- **PROBLEM STATEMENT**
Starting at the line that contains "艾问顶级投资人之创客法则免费观看", please transcribe every line through the end of the entries, exactly and with no pictures.

[RECORD EXTRACTS — start]

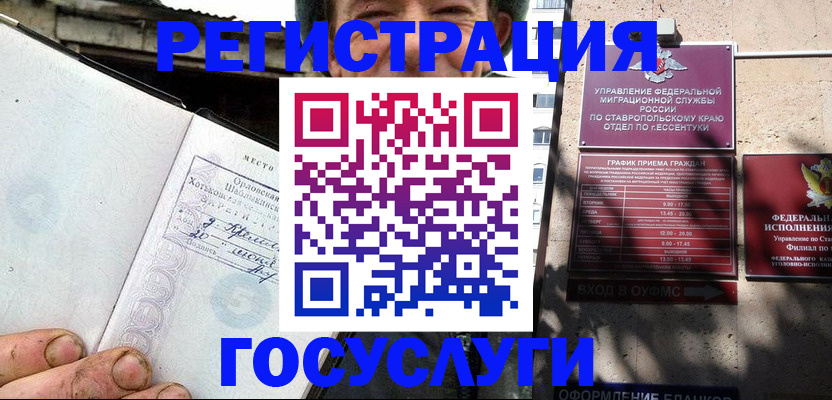 прописка поиск в Муравленко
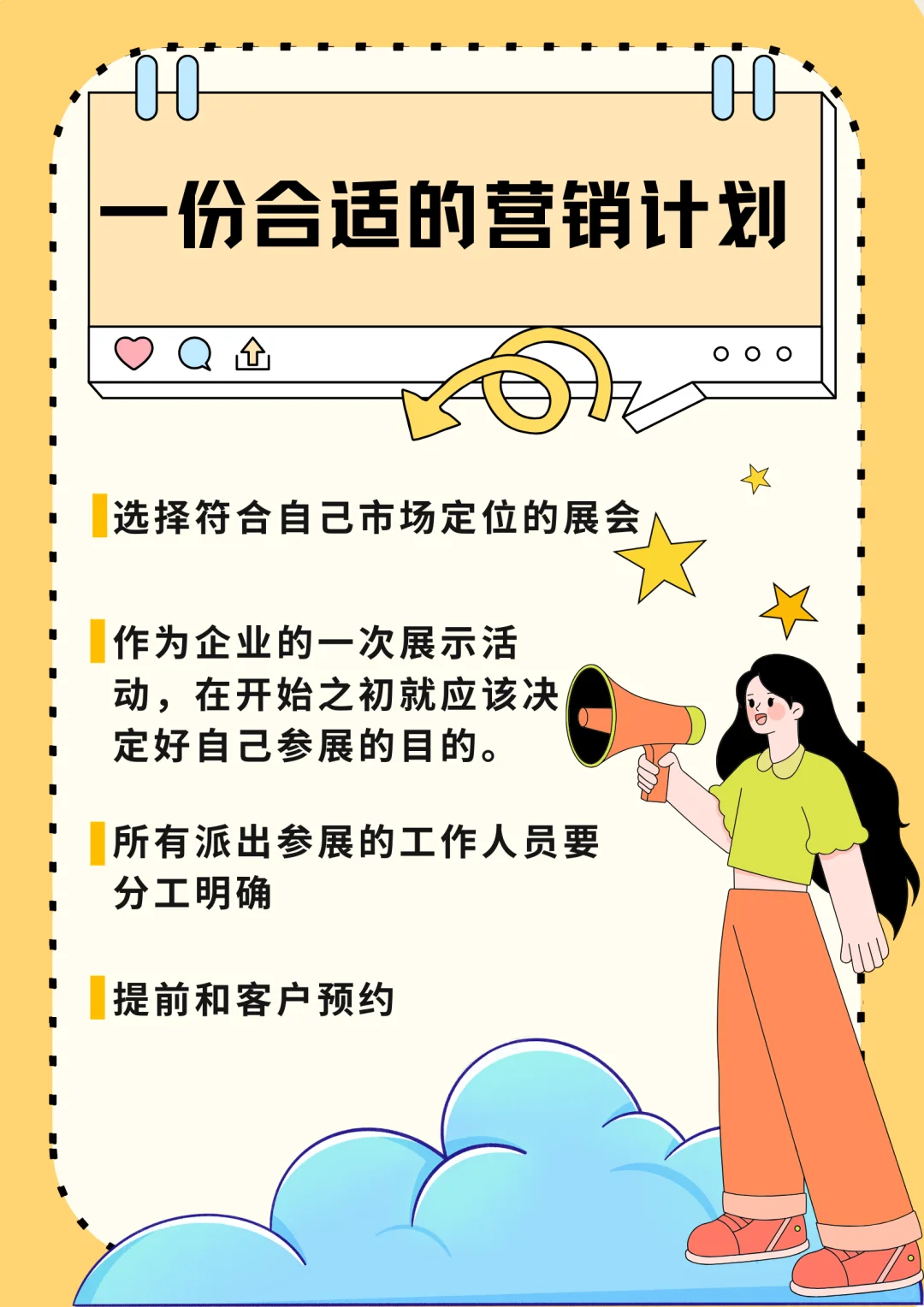 参展=烧钱？展会全攻略，中小企业也能赚麻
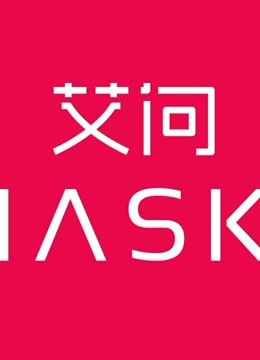 艾问顶级投资人之创客法则免费观看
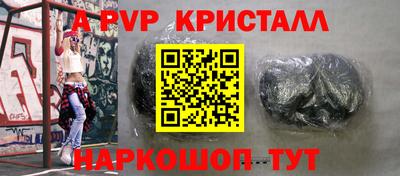 дмт Донской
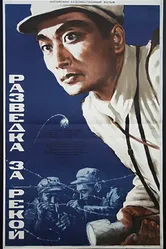 Разведка за рекой 1954 постер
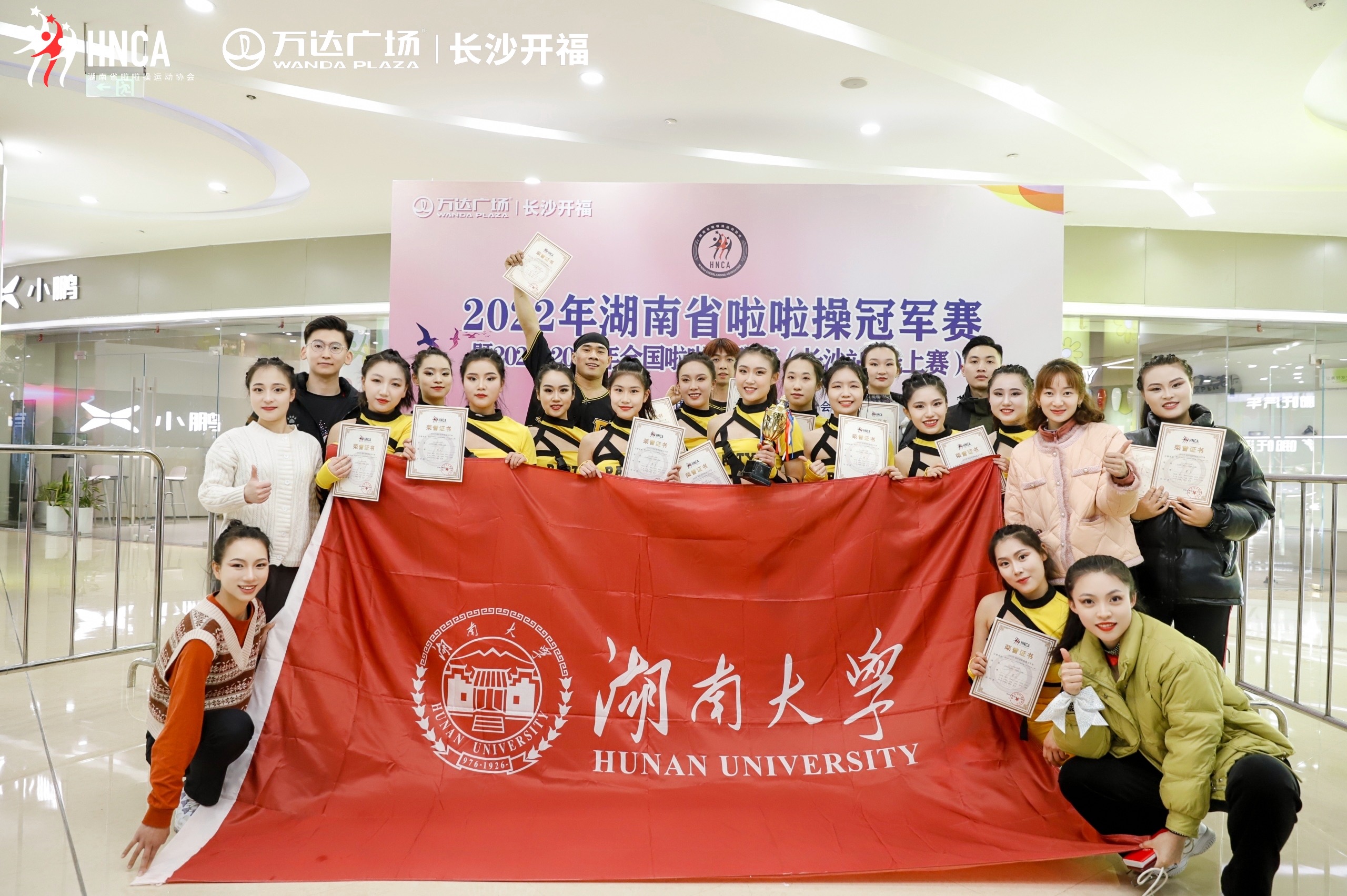 oety欧亿体育欧洲杯图片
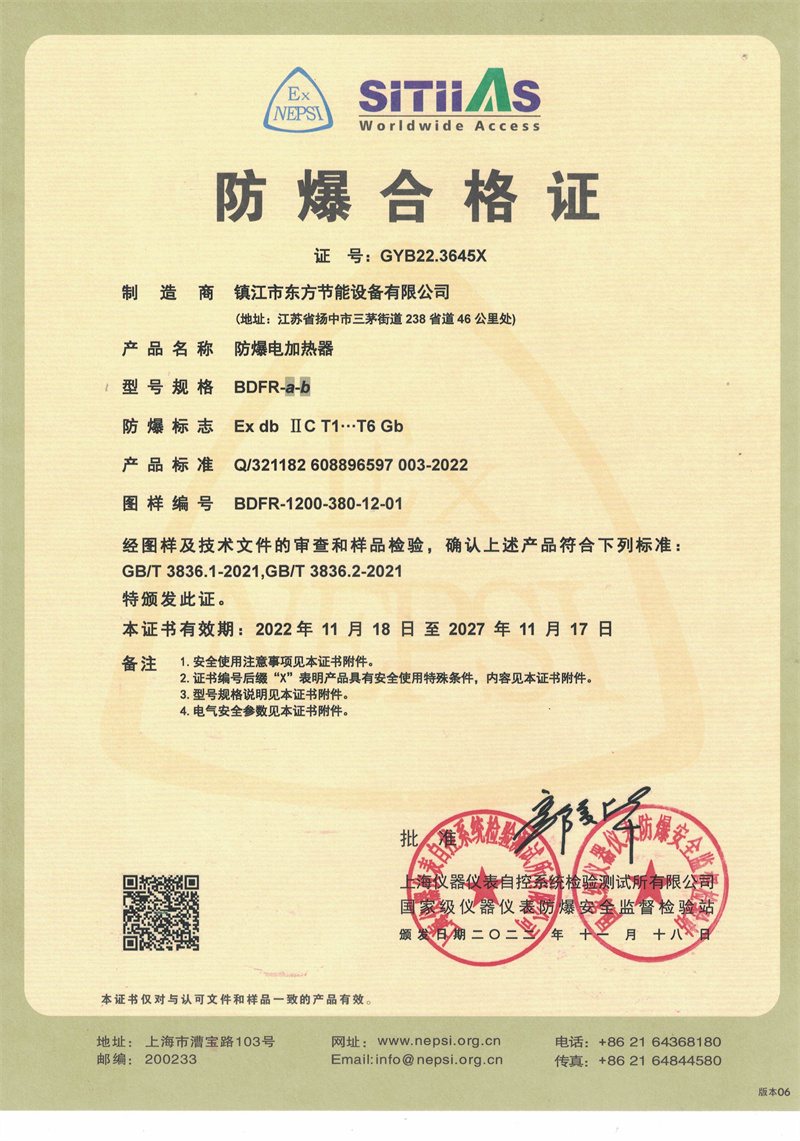 8455线路检测中心(CN)-OfficialWebsite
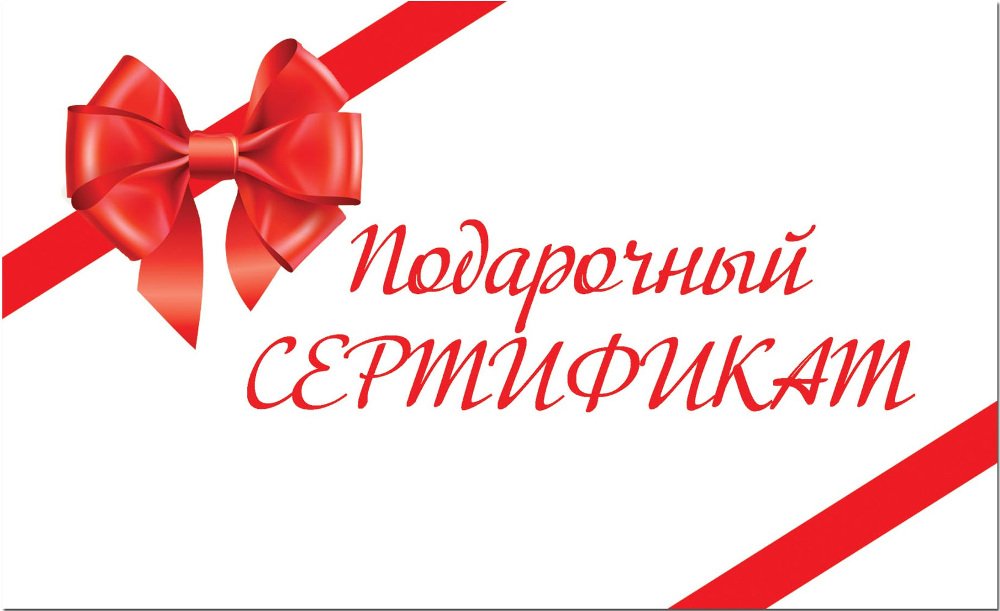 Полные дамы, сертификаты подарочные картинки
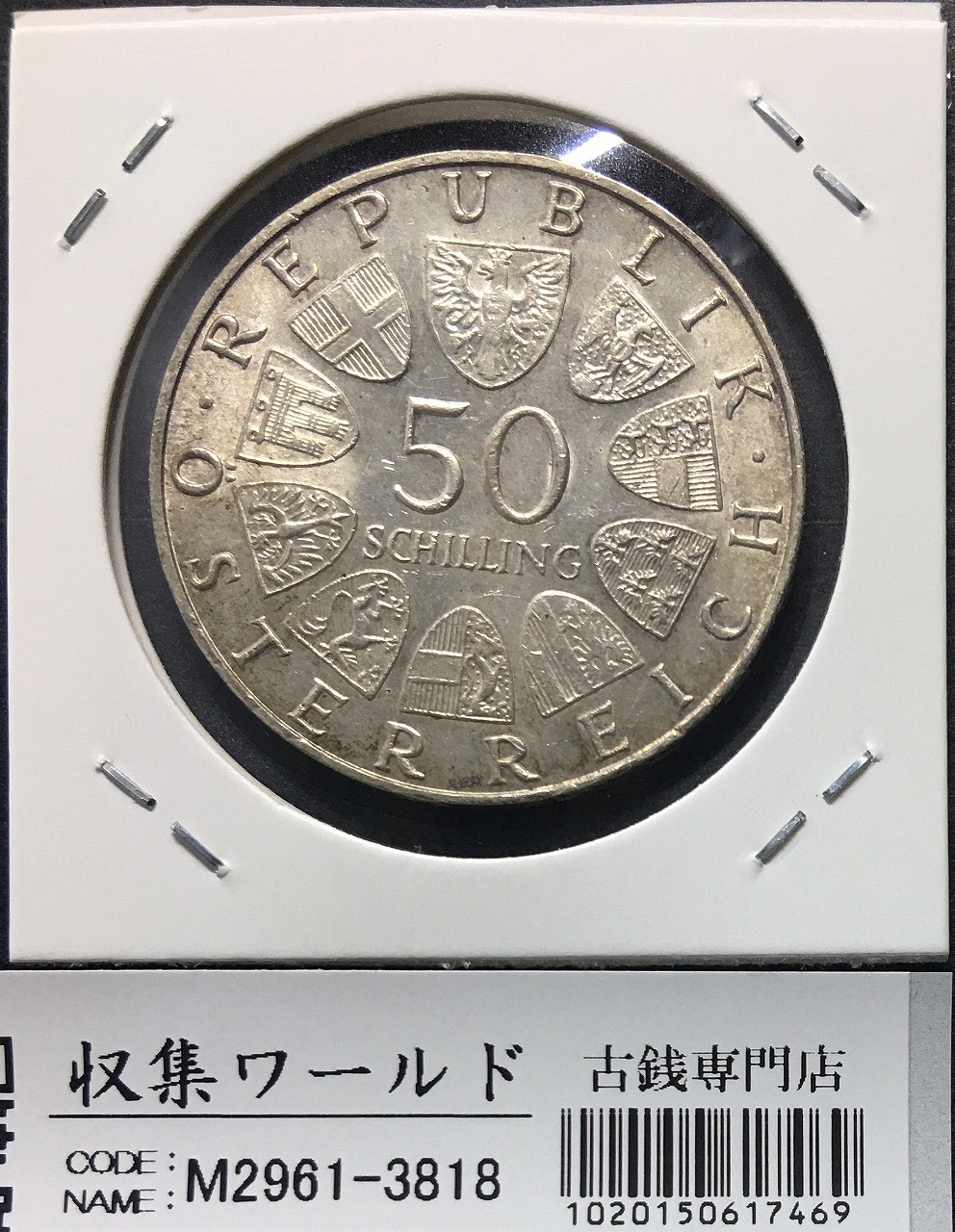 オーストリア 50シリング銀貨 1969年銘 マクシミリアン1世没後450年記念 美品 | 収集ワールド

[RECORD EXTRACTS — finish]

- **EXPECTED OUTPUT**
 艾问顶级投资人之创客法则免费观看
 дмт Донской
 Разведка за рекой 1954 постер
 oety欧亿体育欧洲杯图片
 8455线路检测中心(CN)-OfficialWebsite
 Полные дамы, сертификаты подарочные картинки
 オーストリア 50シリング銀貨 1969年銘 マクシミリアン1世没後450年記念 美品 | 収集ワールド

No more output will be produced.